We are thrilled to announce the release of the 2016 World Orphan Drug Congress USA brochure!

Following 5 years of success, the 6th Annual World Orphan Drug Congress USA  is once again gearing up to bring together stakeholders from all over the world. From humble beginnings as a small conference that brought together the few pioneers spearheading the progress in orphan drugs development it became known as the event that brought this community together. It is testament to how the industry has grown that now there are 3 simultaneous conference streams and an exhibition hall of over 40 stands at the Washington Hilton in D.C.
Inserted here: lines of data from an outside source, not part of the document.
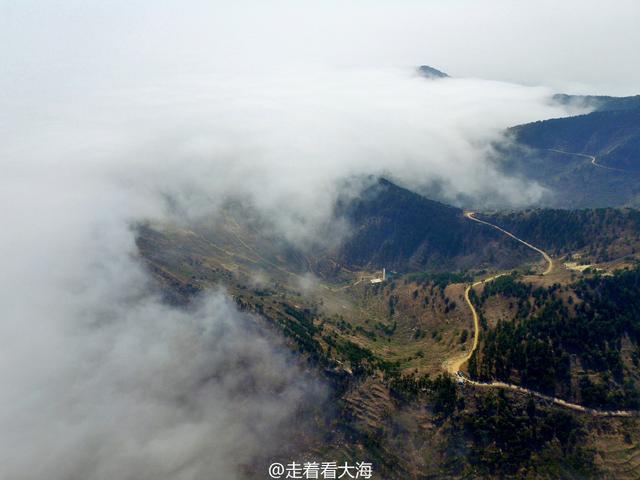 高清：云中青岛仙气十足 雾漫前海沿崂山成仙山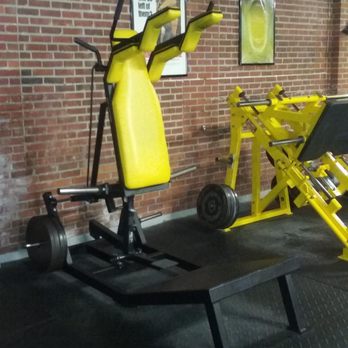 Everybodies Gym - Trainers Near Me - Chardon, Ohio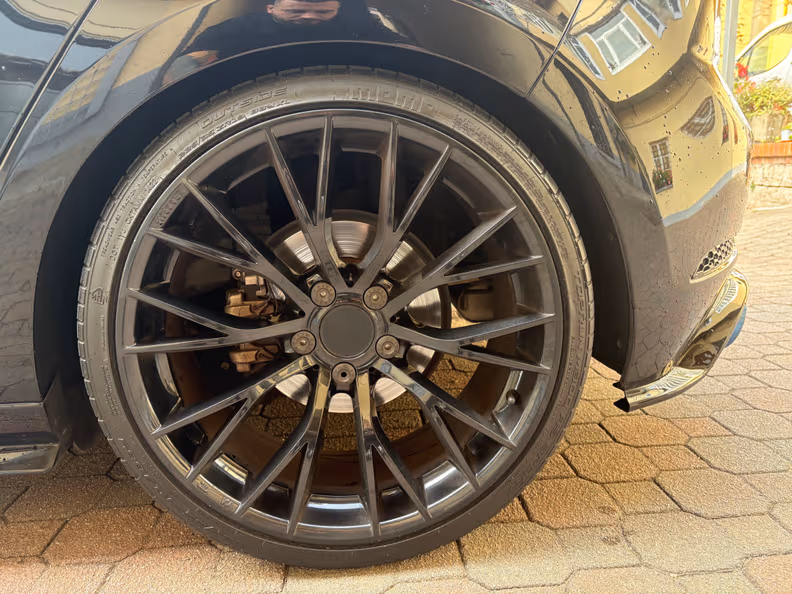 Volkswagen Golf - 11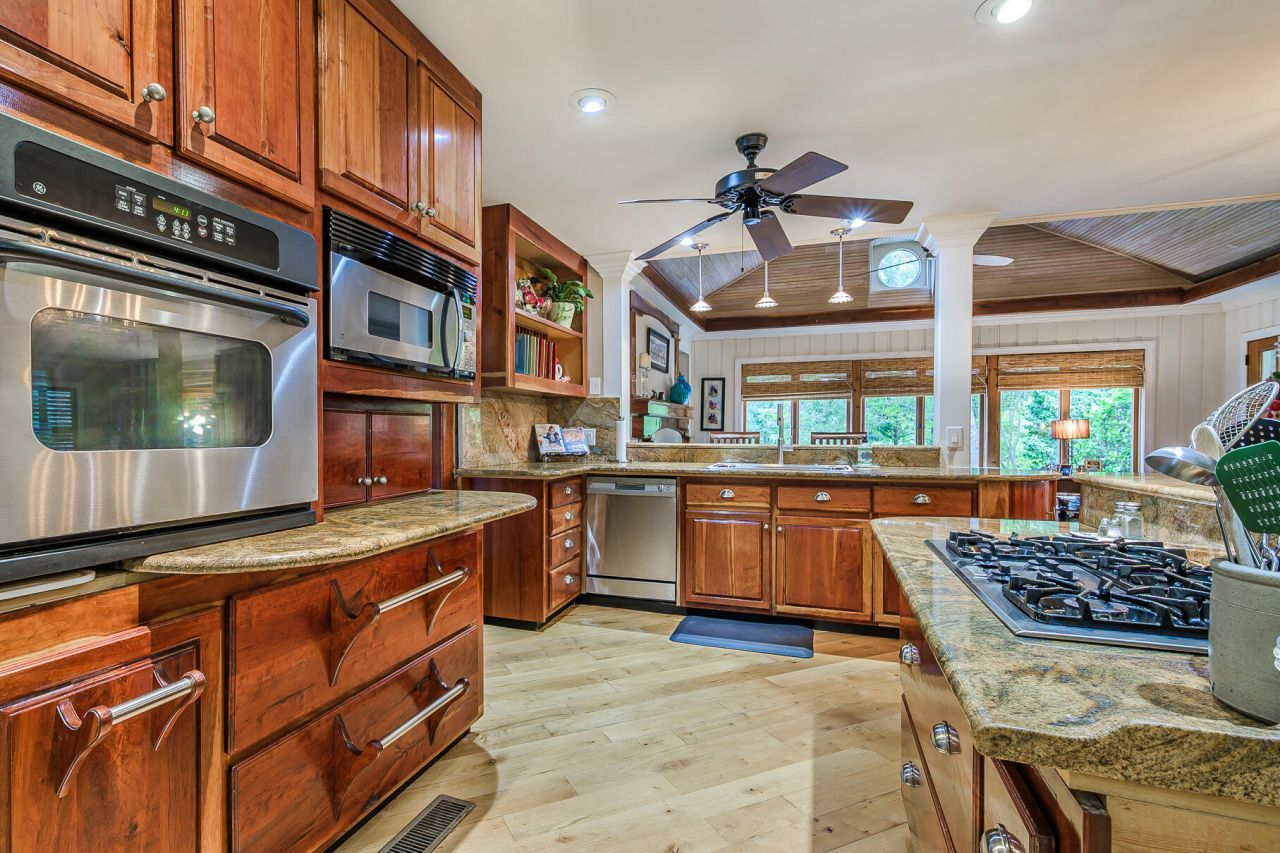 933 Lakeview Drive Photo 19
Here are 11 reasons why you should not only download the World Orphan Drug Congress USA brochure, but you should also be in Washington D.C. on April 20-22 next year.
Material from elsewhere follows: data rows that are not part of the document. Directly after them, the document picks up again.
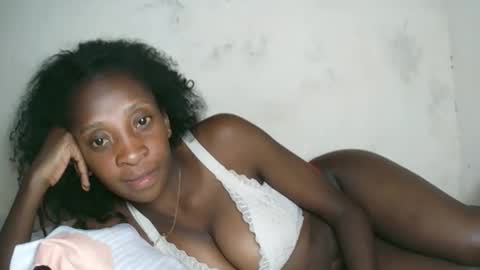 djamellah online show from April 10, 10:47 pm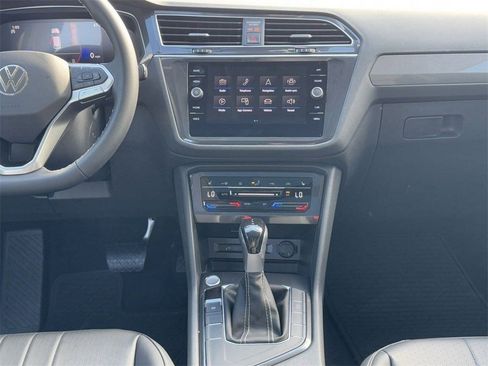 Used 2024 Volkswagen Tiguan SE image 20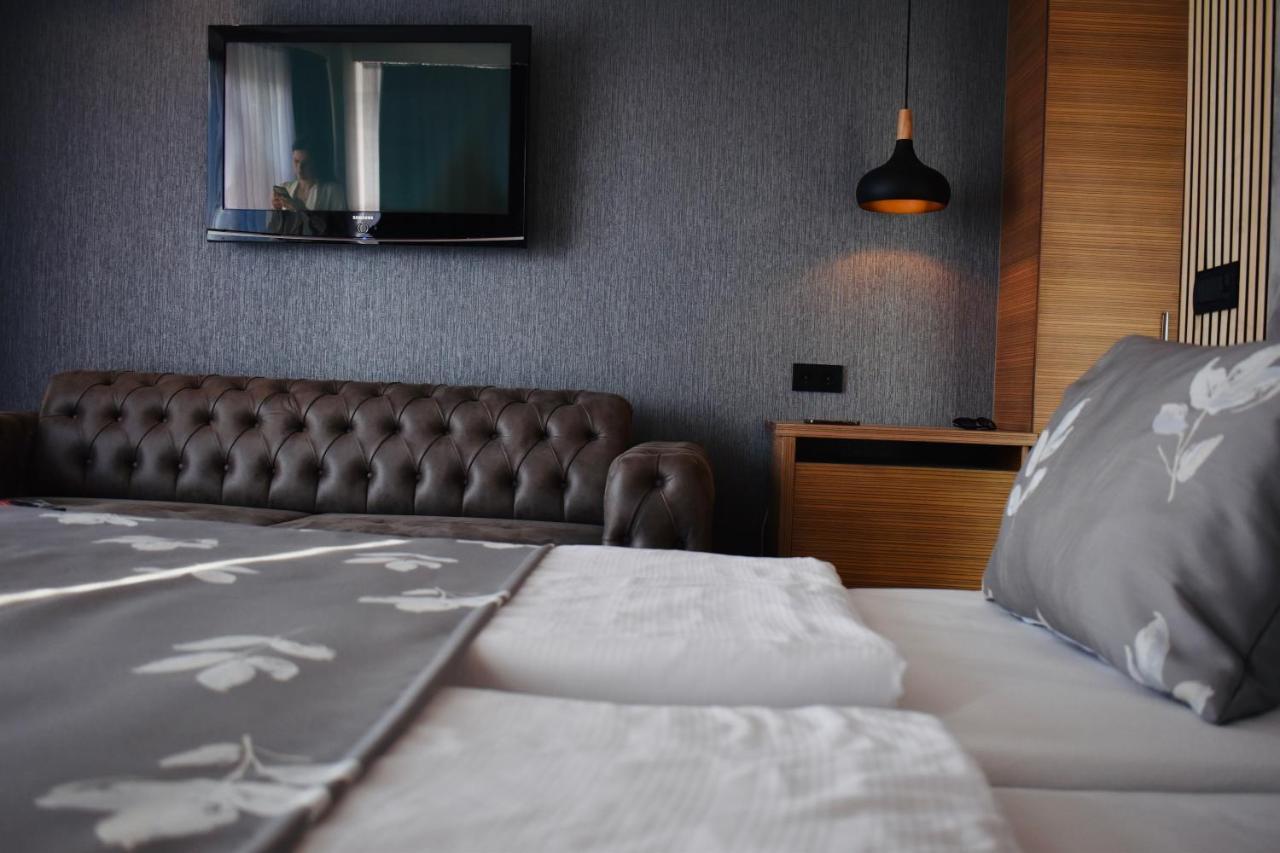 View Deluxe Hotel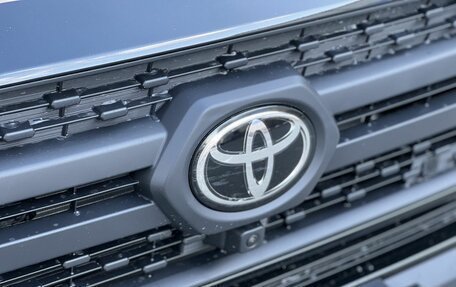 Toyota RAV4, 2025 год, 4 050 000 рублей, 10 фотография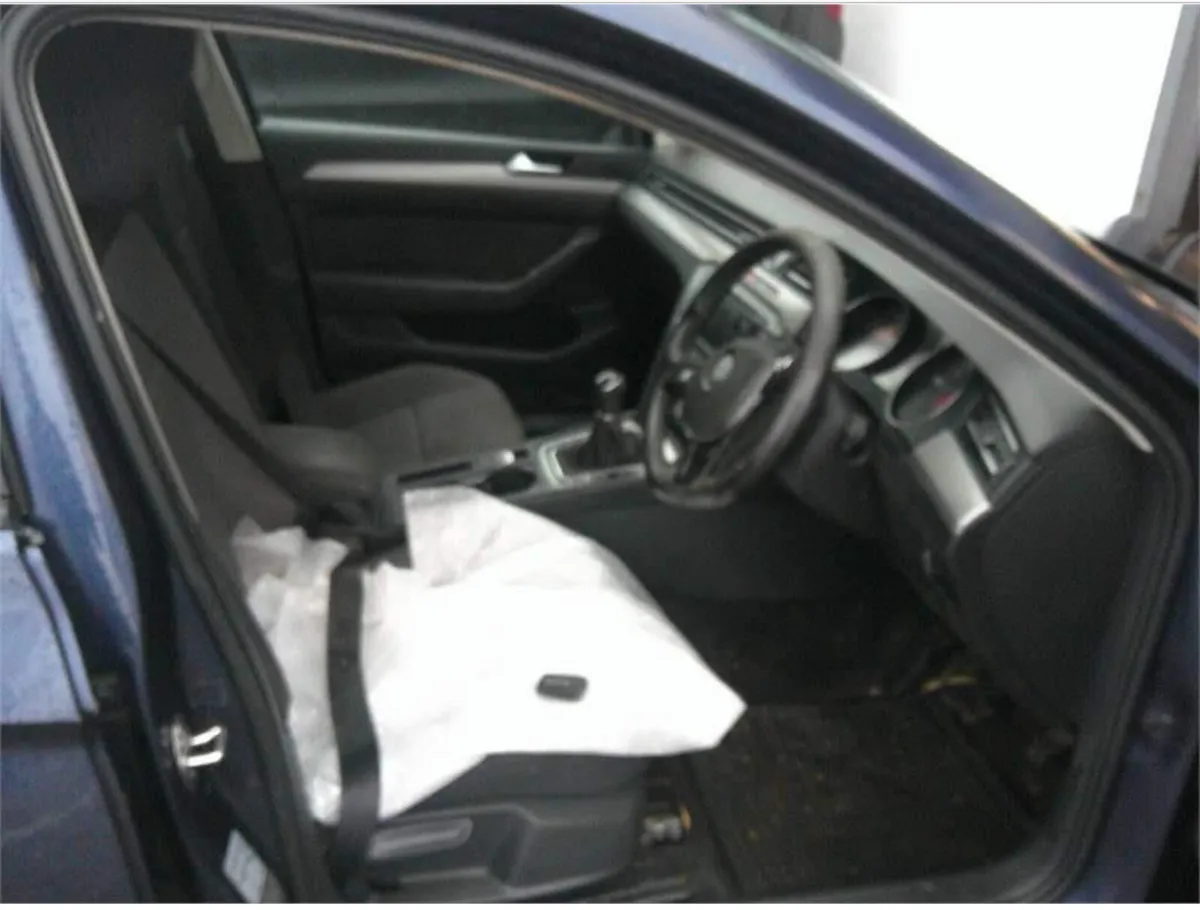 2015 Vw Passat 1.6 Diesel driving - Image 3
Get your copy today to find out more about what we are discussing, who is speaking and who is sponsoring.

  1. Discuss international orphan drug policy developments from regulators and stakeholders in the U.S., Europe, Malaysia, Chile, Japan, Canada and the Philippines.
  2. Hear about the advocacy work done by patient groups from Argentina, Mexico, Brazil, Japan and Malaysia.
  3. Understand the ethics of Expanded Access in the US and what ‘Right To Try’ really is from Art Caplan, Head of the Division of Medical Ethics at the NYU Langone Medical Center. 
  4. Learn about the challenges faced by physicians in the rare disease space and how industry can engage Key Opinion Leaders strengthening patient outreach and clinical trial performance.
  5. Understand how the  21st Century Cures and Innovations Acts can facilitate faster treatment development for devastating diseases or increase the risk of approving drugs that are not effective or safe from Novartis, NORD, Ultragenyx and the FDA.
  6. Join James Greenwood, from the Biotechnology Industry Organization, Ian Phillips from the Keck Graduate Institute of Applied Life Sciences and Steve Usdin from BioCentury in the pricing debate for orphan drugs and hear about appropriate pricing models for a one-time transformational gene therapy vs. orphan drugs for life.
  7. Hear Alvin Shih from Retrophin explain the accelerated approval (subpart H) pathway and its relevance to rare disease drug development.
  8. Uncover the latest innovations in our Pitch & Partner session. We’re bringing even more companies than last year. Meet with 35 biotechs looking for partners. 
  9. Explore how stakeholders are looking to improve the processes behind orphan drug development when Yann Le Cam shares Europe’s Medicine Adaptive Pathways to Patients (MAPPs).
  10. Join Biomarin, Alexion, PTC, Veloxis, Novartis, EURORDIS and the NIH at the Rare Disease Advocacy World discuss the nitty gritty of R&D, regulatory, patients’ rights, bioethics and collaboration.
  11. Examine how Aetna is creating a systematic process to orphan drug discovery by starting with the unmet needs of payers and patients.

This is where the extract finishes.